There are ways to ease a debt burden that seems difficult to manage. For example, if you have multiple loans, you may consider debt consolidation. As the name suggests, this technique combines all your debts into one loan, which you pay off over some time. Having only one loan provides certain advantages:
- You make only one payment per month.
- You may pay less interest.
- Your monthly payments may be lower.
Discuss with your bank or the financial advisor if debt consolidation is a good alternative for you.
Negotiate Prices
People often think that earning more money will solve their financial problems. But unless you make a consistent effort to manage your spending, your bank account will be just as empty at the end of the month, no matter how much you earn. So, make it a habit to evaluate and reduce your monthly bills through informed negotiation so that you can grow your savings and improve your financial health.
Recurring monthly payments, such as cell phone, Internet, cable, and streaming services (among others), are negotiable. You can call your provider to see if there is a way to reduce your rate.
Experts recommend keeping a few things in mind when seeking to reduce a bill. First, be friendly. If you are attacking whoever you are trying to negotiate with, they might not go out of their way to help you. Also, try to find out more. Find out how much competitors are charging. If you say you’ll do business with a new company to save $30 a month, there may be a greater chance that your current provider will make you an offer to stay.
Take the time to review your subscriptions. Many video and music services offer convenient family plans to save money. Be sure to get rid of any subscriptions you no longer use.
TIP: If the idea of making a series of calls to try to reduce the price of your services seems overwhelming, leave it to companies that are experts in this field. They will negotiate your payments and subscription services on your behalf, helping you maximize the savings you can achieve with your providers.
Plan for Your Future
As you get older, a few essential acronyms rise to the top of your priority list: 529 plan, 401(k), and Roth IRA, to name a few. Each of these accounts and savings programs can be critical to your long-term financial health. Here’s the good news: the younger you are, your savings and investments will have more opportunities to flourish.
In short, start good habits now and reap the benefits tomorrow.
Because time is on your side, 401(k) contributions pay off in a big way - even $50 every two weeks can be a huge help. Be sure to check to see if your employer matches your 401(k) contribution. If so, maximize it. It’s free money.
Life insurance - another valuable financial tool - can be cheaper when you’re young and healthy. You’ll likely soon incur significant debt, such as a mortgage, and a life insurance policy helps protect your loved ones from these obligations in the event of an unexpected event. Like an emergency fund, a life insurance policy is a wise way to deal with life’s unexpected events.
Knowing the basics of finance is not a luxury but a necessity.
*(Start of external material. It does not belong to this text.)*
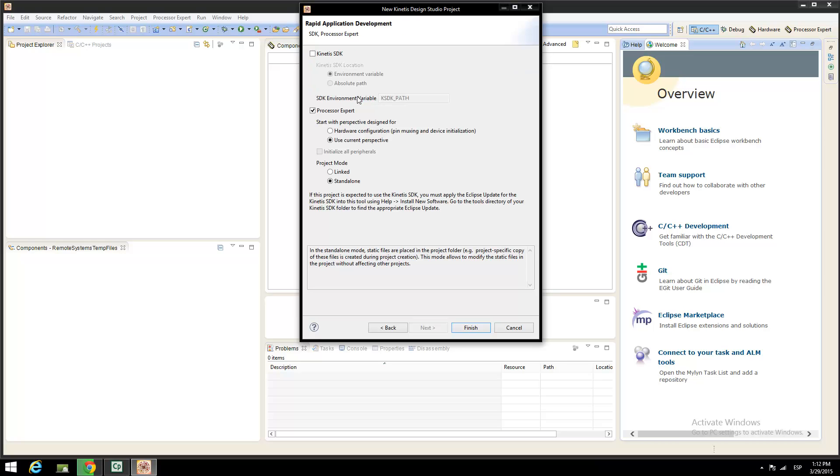When you choose next, you must select between the Kinetis software development kit or not, and even the processor expert or not. Because on this demo, I am trying only to do all the things with processor expert.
Fortunately, you don’t need any special training or a fancy degree to manage your finances. Just master these free financial tips and put them into practice to improve your money management skills. If you’ve already made mistakes, learn the lesson and move on. While you’re working, saving, and investing, take time to enjoy yourself and relax regularly. Most importantly, never compromise between health and wealth or, you will spend wealth to regain your health.